Мы были детьми войны. Наше детство прошло под гром орудийных выстрелов. Фронт лежал за рекой, в которой мы купались. Мы ночевали в окопах чаще, чем дома, нас гнали — мы не плакали, но огрызались. Иногда нам удавалось оказаться полезными — поднести патронов, воды, снести донесение, — мы не хвастались этим, молча гордились. Мы росли, опаленные дымом, бесстрашными, но по-детски взрослыми и предприимчивыми. Мы знали: человек не может пропасть зря.
Когда наши отцы воевали — мы играли в войну. Стреляные гильзы, еще теплые и закопченные, служили нам игрушками. Мы подбирали их на поле боя и коллекционировали — русские, японские, берданочные, револьверные, нагана, браунинга — как гимназисты в старину коллекционировали папиросные коробки. Мы знали толк в оружии и по звуку выстрела определяли орудие, — так наши ребята сейчас разбираются в автомобильных марках. Мы носили одежду, перешитую из шинелей и гимнастерок взрослых, мать тщательно заштопывала круглые дырочки от пуль и неслышно плакала. Мы донашивали огромные отцовские сапоги, порыжевшие и сморщившиеся.
По каким болотам войны шагали они, в каких лужах порыжели?
Мы мечтали о собственных сапогах, о настоящих гимнастерках — настоящих, то есть с петличками и номером своего полка.
Но вот мы выросли, стали слесарями, инженерами, агрономами, натуралистами, — мы строили дома, машины, мосты; из холостяцких казарм мы перебрались в собственные квартиры, у нас появились вещи — коврик над письменным столом, стоптанные мягкие туфли, певучий пружинный диван, — на стене, под охотничьим ружьем, на огромном гвозде красовалась посеревшая буденовка, а в шкафу ждала своего срока рыжая шинелишка с выцветшим номером на петлицах.
Иногда мы вытаскивали эти драгоценные реликвии, — это случалось в дни сборов запаса, чистили их, штопали места, испорченные молью. Нам было неловко являться в часть в штатском виде. Мы приходили в старой шинельке, хоть и стала она уж тесноватой — мы раздобрели, но были годны в строй.
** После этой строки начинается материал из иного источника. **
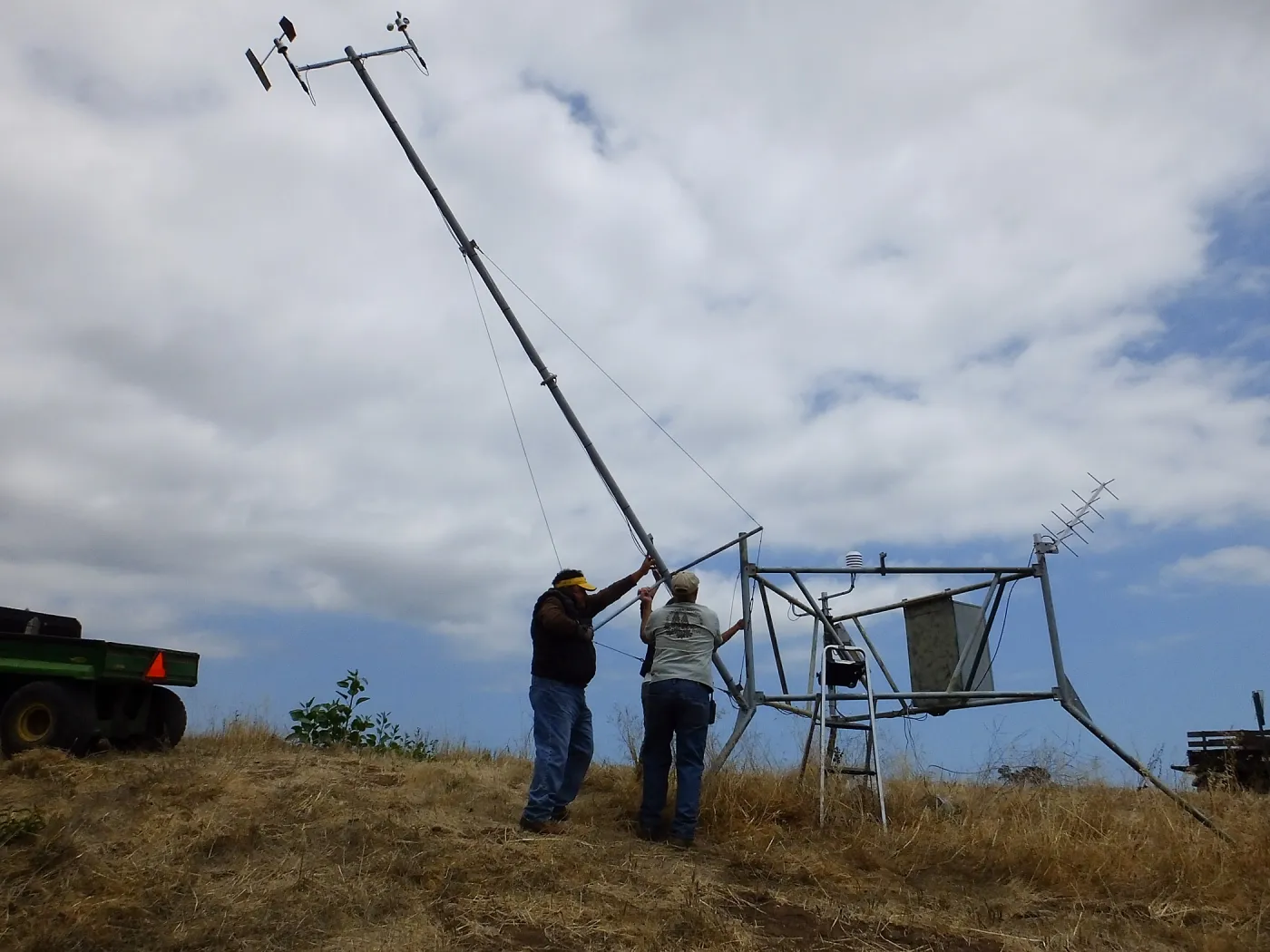 Raising mast after replacing wind sensors on the RAWS station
Мы прибывали в лагерь не в гости, не на временные квартиры, — мы возвращались домой из долгосрочного отпуска. Здесь в серой походной палатке был наш дом, и мы, почистив пыльные сапоги, занимали свое место в строю, торопливо отвечали на перекличке:
— Я!
Но войны не было, — через месяц, подучив, протерев и смазав, как добрую старую винтовку, нас возвращали обратно строить мосты и писать.
Чувство войны не покидало нас, что бы мы ни делали — любили ли девушек, качали ли ребят, или щелкали на счетах в конторе.
Империалистической войны мы не знали — она доходила до нас лишь в рассказах отцов, вернувшихся домой «на побывку», но это так тесно сплеталось со сказками бабушки, что царица Алиса представлялась нам злой бабой-ягой, царь Николка — людоедом, ревущим: «покатаюся, поваляюся, человечьего мяса покушаю», а лихой казак Кузьма Крючков оказывался храбрым Иванушкой-дурачком. Потом к этим детским представлениям прибавились первоавгустовские демонстрации, книги Ленина, злые карикатуры Гросса и страшный холм человечьих черепов у Верещагина.